Why Chat is the Best (and Worst) Interface to AI

Meanwhile, Excel is the worst interface to chat. From Nelly’s music Video, “Dilemma“. Image © Universal Motown Records

As PM for an AI chat product, I tell anyone that will listen that, “Chat is the worst interface.” If you need to get something done, would you rather click on a button or type out a few dozen buttons on a keyboard? Would you rather the computer do the work accurately, or sometimes maybe not do it at all? And should it take place nearly instantly, or do you want to wait for several seconds? Perhaps you’d like to remember everything that has happened so far without any visual reminders and cues? But then I continue, “Chat is the worst interface… except for everything else we have tried.”

There’s a reason why chat is the best interface to today’s generative AI and language models, even though it is slow, takes more effort, and makes mistakes. Chat is disambiguation.

Disambiguating tasks

The o1 model can now solve some of the world’s most difficult math problems. Even professional mathematicians look at the test questions outside their narrow sub-domain and start sweating. OpenAI and other AI labs focus on math problems specifically because they are some of the most difficult and self-contained problems that exist. Similarly, the Center for AI Safety has been paying $5,000 across all disciplines for problems that AI cannot solve. We must face up to the fact that today’s AI can solve any well-defined and self-contained tasks better than 99th percentile humans.

You might want to quickly disagree, but let me point out that those words “well-defined” and “self-contained” do a lot of heavy lifting in that statement. By “self-contained,” I mean that the task does not require any information that is not contained within the prompt. “Well-defined” means that there is no room for ambiguity in measuring success of the task. Math problems are great for this, with formal logic in both the question and the answer, making misunderstanding literally impossible.

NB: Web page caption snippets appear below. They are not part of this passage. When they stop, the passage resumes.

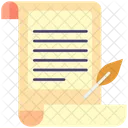 Script Document File Icon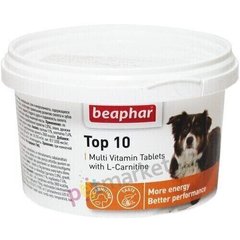 Beaphar TOP 10 - вітаміни для собак - 180 табл. Petmarket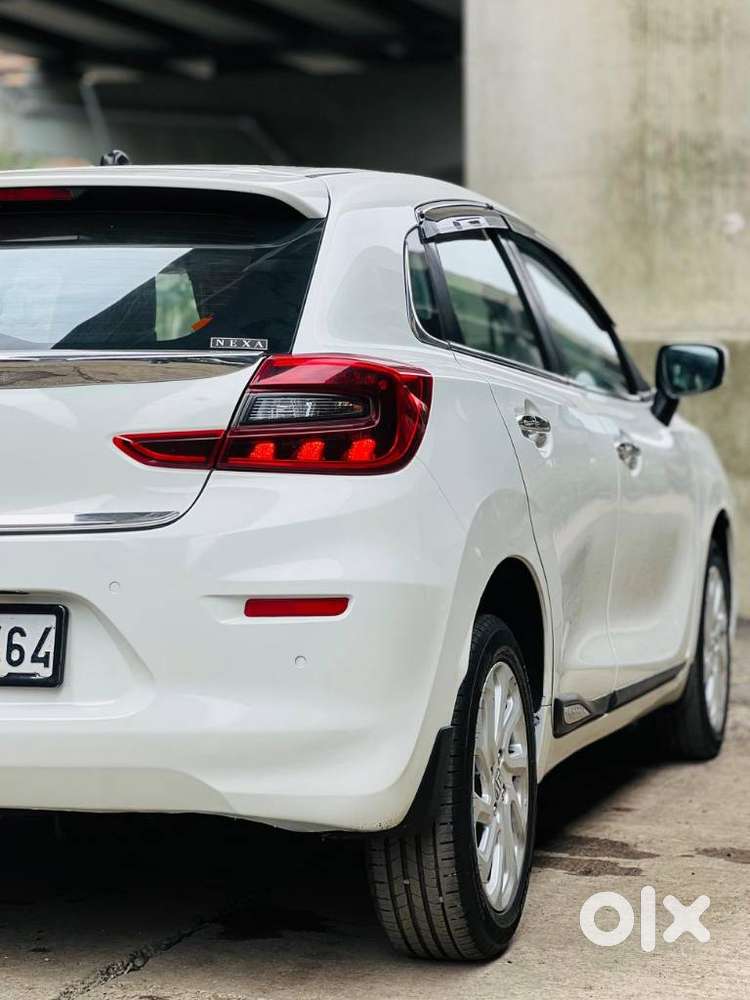 Maruti Suzuki Baleno 1.2 Zeta Cng, 2023, Cng & Hybrids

The rest of our work is harder to define than mathematics. Poorly defined tasks leads to AI slop.

The cause of AI slop

I asked Copilot to write a blog post titled “Why Chat is the Best (and Worst) Interface to AI”. If you’re a regular AI user, you’ll recognize the style of the extremely average opening paragraph:

And why does Copilot with a billion-dollar model give such an average paragraph? Because I asked for an average paragraph! I didn’t specify anything about how to write it, making an average result exactly the most accurate answer. LLMs are trained to give this kind of wordy, answered-but-not-answered result unless you say more about what you want. Not only is this the cause of AI slop, but it also causes the failure of most tasks. Carefully and sufficiently specifying tasks precisely — at least outside the realm of mathematics — is extremely difficult. You could learn effective prompt engineering, but the chat interface provides a faster and more natural way.

Chat is disambiguation

I gave Copilot some more instructions — things I liked and things I didn’t like. I made it a little more clear what argument I was making, in just a few turns and a few seconds. One of the paragraphs is not bad (if not exactly what I would write):

Despite these hiccups, chat interfaces have a powerful tool up their sleeve—disambiguation through conversation. By asking follow-up questions and engaging in a back-and-forth dialogue, AI can gradually narrow down what you actually need. This iterative process helps clear up ambiguities and leads to more accurate outcomes. It’s like having a helpful assistant who asks for more details when things aren’t clear, making sure they get it right in the end.

I could easily write a whole post this way, correcting and improving Copilot’s output through conversation. Conversation is a natural human skill. It’s our primary means of communication, built into us by genetics, formal schooling, and especially daily use. We’re good at it! When someone doesn’t understand us, we clarify. If we hear the wrong thing, we correct and say it more clearly.

Because so much of the training data is also conversation, LLMs are great at conversation too. Ironically, they are not as naturally good at instruction-following. In other words, they respond better to conversation than they do to carefully engineered prompts. You will get much more useful results by iterating through a conversation than with Markdown and that “100 best prompts cheat sheet.”

Despite all of the very real problems with chat as an interface, its usefulness to clearly define tasks through multiple turns of conversation is unmatched. It is, so far, the best interface to AI.